JpGU-AGU Joint Meeting 2017

Presentation information

[JJ] Oral

S (Solid Earth Sciences) » S-SS Seismology

[S-SS15] [JJ] Strong Ground Motion and Earthquake Disaster

Wed. May 24, 2017 9:00 AM - 10:30 AM IC (International Conference Hall 2F)

convener:Seiji Tsuno(Railway Technical Research Institute), Chairperson:Masumi Yamada(Disaster Prevention Research Institute, Kyoto University), Chairperson:Masayuki Yoshimi(Geological Survey of Japan, AIST)

9:15 AM - 9:30 AM

[SSS15-14] Strong Motion Simulation considering the Fault Parameters based on Dynamic Rupture Simulation on the Beppu-Haneyama Fault Zone

*Shinichi Matsushima1, Masayuki Yoshimi2, Ryosuke Ando3, Hiroe Miyake4, Haruhiko Suzuki5 (1.Disaster Prevention Research Institute, Kyoto University, 2.Geological Survey of Japan, AIST, 3.Graduate School of Science, The University of Tokyo, 4.The University of Tokyo, 5.Oyo Corporation)

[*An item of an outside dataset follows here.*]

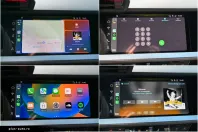 Audi RS3 din 2022 cu 51.995 km - oferta AUD181685 - foto 23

Keywords:Beppu-Haneyama Fault Zone, Dynamic Rupture, Strong Motion Simulation

As part of the comprehensive research on the Beppu-Haneyama Fault, we have been studying the dynamic rupture process on the Beppu-Haneyama Fault (Ando et al., JpGU-AGU2017). In this study, we will focus on strong motion simulation considering the fault parameters based on the parameters that were derived from the dynamic rupture simulation on the fault zone. The fault model consists of three segments of the Beppu-Haneyama Fault zone, namely “Funai, Asamigawa, Hotta (hereafter, Funai)”, “Misa”, and “Hoyo strait (hereafter, Hoyo)” segments from west to east along the southern part of the Beppu Bay. When the dip angle for Funai, Misa and Hoyo segments are assumed to be 45, 45 and 75 degrees respectively, the rake angle are calculated to be about -67, -104 and -147 degrees respectively (Ando et al, JpGU-AGU2017). Also, we consider the time delay between the segments, especially the time delay between Misa and Hoyo segments because the two segments do not overlap with each other and how the rupture propagates would rely on the dynamic conditions on the faults. On the other hand, the three-dimensional velocity model that was newly constructed based on the results of surveys and observations for the comprehensive research (Yoshimi et al., JpGU-AGU2017). In this study, we use finite difference method (GMS, NIED) to calculate strong motion at the engineering bedrock considering the different fault parameters and hypocenters. This work is supported by the Comprehensive Research on the Beppu-Haneyama Fault Zone funded by the Ministry of Education, Culture, Sports, Science, and Technology (MEXT), Japan.